The latest from Josh Marshall suggests that running for election elsewhere on an anti-American platform is good politics:
But add these and other election results up and you start to see that hostile reactions to America's newly strident and confrontational stance in the world are becoming an important force in world politics and an important force in the domestic politics of many of our allies.
Think of it this way: when was the last time one of our friends -- or someone friendly, rather than unfriendly, to our current policies -- won an election in a major country around the world?
I think Marshall over-sells his thesis: Schröder and Roh talked up anti-American themes in their campaigns, but fully expected that the U.S. would forget about that ugliness after the election, an assessment that at least Schröder is finding wrong. As for Lula in Brazil, Marshall would probably find, as The Economist reports, that he too is kissing up to the gringos post-election. More to the point, none of these successes should be surprising — the left outside the United States has historically defined itself in terms of its opposition to American foreign policy adventurism.

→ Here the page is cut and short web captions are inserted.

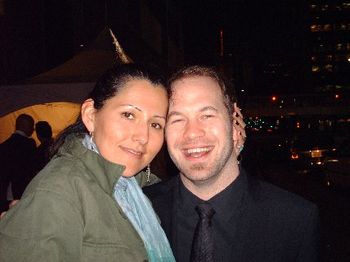 Me and the lead singer from Finger Eleven(I call him "Paralyzer dude") at the EMI party during Juno
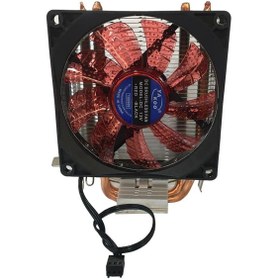Resim su soğutmalı radyatörlü CPU işlemci fanı kule fan intel-amd fan 
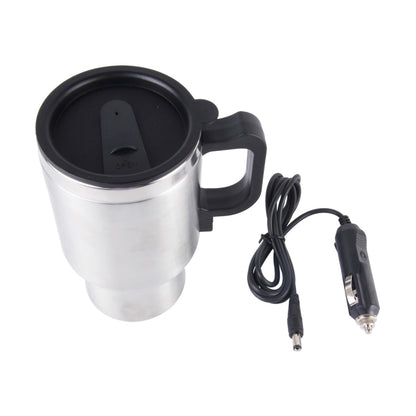 Stainless Steel Electric Smart Mug 12V Car Electric Kettle Heated Mug Car Coffee Cup With Charger Cigarette Lighter Heating Cup Kettle Vacuum Insulated Water Heater Mug - Heating Cups by PMC Jewellery | Online Shopping South Africa | PMC Jewellery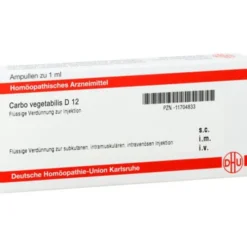 CARBO VEGETABILIS D 12 Ampullen 8X1 ml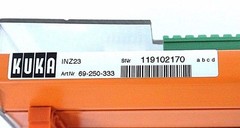 KUKA INZ23 POWER MODULE ASSEMBLY 69-250-333 INZ22/1 69250333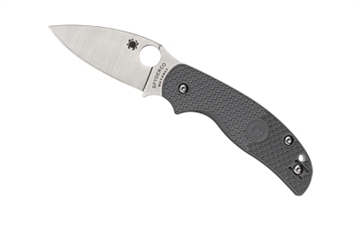 Picture of Spyderco Sage 5 Lightweight, Folding Knife, Plain Edge, Gray FRN Handle, Satin Finish, Silver, 3" Blade Length, Maxamet Steel C123PGY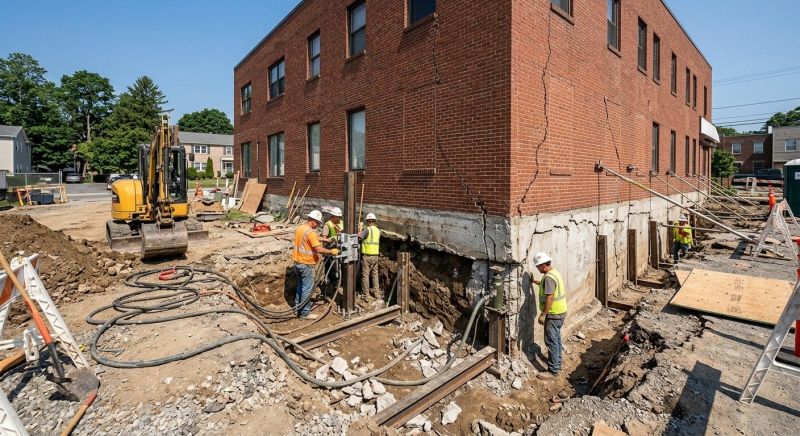 Foundation Renovation in Pittsburgh, PA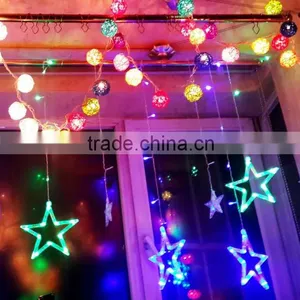Star Curtain Lights LED Christmas Lights Party Wedding Led Night Lighting thumbnail-1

Marshall may forget that history due to the relative quiet spell during the Clinton administration (where U.S. foreign policy was largely quasi-multilateral, with a smattering of wagging the dog when it was politically convenient), but it was certainly alive and well during the Reagan and Bush 41 years: the British Labour Party was basically a wholly-owned subsidiary of the CND until Tony Blair led it out of the electoral wilderness, and the German SPD (Schröder's party) was largely on the same page for much of the same time while Germany's CDU/CSU and FDP governed, leaving the SPD free to pursue wacky unilateralist views (in their case, unilateral nuclear disarmament) with the Militant Tendency wing of Labour.
Of course, if these three leaders were actually serious about their anti-Americanism — if they actually wanted the United States to withdraw from Germany (à la De Gaulle) or South Korea, or withhold financial support from South Korea or Brazil — then Marshall probably ought to worry; but, if that were the case, the costs to those states would be far higher than the costs incurred by the United States. In such a scenario, Germany would have to provide for its own defense out of its already stretched budget and probably precipitate a continental arms race in the process, South Korea would cease to exist as a viable nation-state, and Brazil's economy would stop functioning within a day; none of these events would have much direct effect on the U.S. besides reducing the supply of mobile phones from Samsung. Regardless, anti-Americanism is trendy on the Euroleft, and in the left in general, so unless real American allies like Tony Blair and John Howard start running on anti-American platforms, the pattern here isn't all that discernable.
InstaPundit has a roundup of discussion on the resurgence of anti-American rhetoric from the left; JB Armstrong has an interesting take as well.